Cuando todavía no se terminaba de acomodar en su nuevo rol de protector y cuidador de los argentinos con miedo al coronavirus, Alberto Fernández ya aparece en el medio de una tormenta perfecta. La demanda de alimentos al Estado es cada vez mayor, y más sostenida, y no alcanza a ser satisfecha. Para colmo, se paralizó unos cuántos días, como consecuencia de la denuncia de sobreprecios que cobraban los intermediarios y pagaba tarde y mal, el propio Estado.

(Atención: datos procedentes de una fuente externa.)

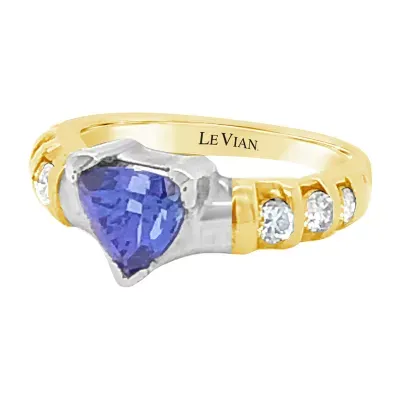 LIMITED QUANTITIES! Le Vian Grand Sample Sale™ Ring featuring Blueberry Tanzanite® Vanilla Diamonds® set in 18K Two Tone Gold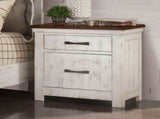3 Drawers Nightstand with USB Chargers, Distressed White and Walnut B016P252820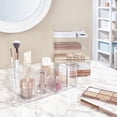 thumbnail image 3 of Dosaele 4 Compartment Clear Plastic Organizer | Rectangular Divided Makeup and Vanity Container | Vertical Use for Eyeshadow Palettes | Round corner design, 3 of 5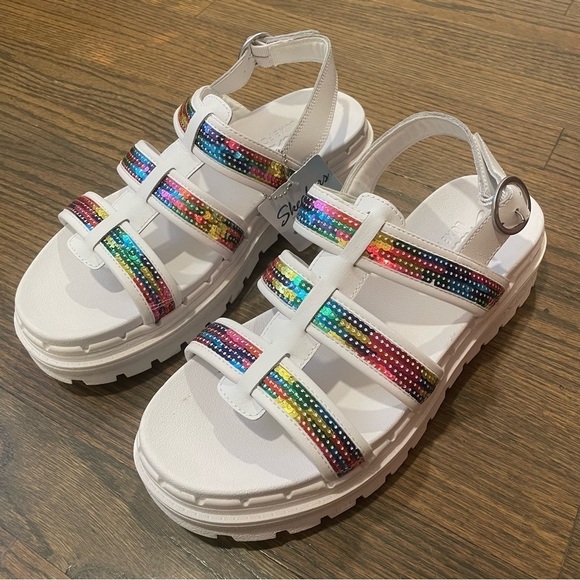 NWT Skechers Jammers Triple Rainbow Sequin Lug Sole Fisherman Chunky Sandals - Picture 12 of 12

El Presidente decidió emitir dinero para evitar la quiebra de miles de pequeñas y medianas empresas. Sin embargo, la emisión, que todavía no se trasladó de manera automática a la inflación, pero que tarde o temprano lo hará, ya presiona sobre el dólar paralelo y el resto de la economía. En simultáneo, el jefe de Estado trata de hacer lo imposible para no entrar en default, pero la dinámica que le impuso a la negociación el ministro de Economía, Martín Guzmán, parece funcionar en sentido contrario. Es más, dentro del propio gobierno hay quienes piensan que, así como una parte del ala política parece enamorada de la cuarentena, Guzmán estaría enamorado de su propia tesis académica, y que ese dogma teórico lo estaría llevando a las puertas del default. Para colmo, por momentos, la vicepresidenta le sigue hablando a Alberto como si fuera su subordinado. Y sus seguidores no pierden la oportunidad de recordar que hay muchísimas cosas de las que dice y hace el Presidente con las que ellos no están de acuerdo.
Los dirigentes políticos más veteranos repiten que no quisieran estar en los zapatos del jefe de Estado: aunque tiene un presente con altísimo apoyo popular, es fácil advertir la volatilidad del momento, y la velocidad con que lo puede perder. “El barco que timonea Alberto va camino al centro de la tormenta perfecta”, me dijo ayer alguien que ahora está en la oposición, pero que conoce a Fernández desde que empezó a ser política, y a Cristina, desde su primera experiencia como senadora nacional. ¿Sabrá cómo salir emerger de entre las olas?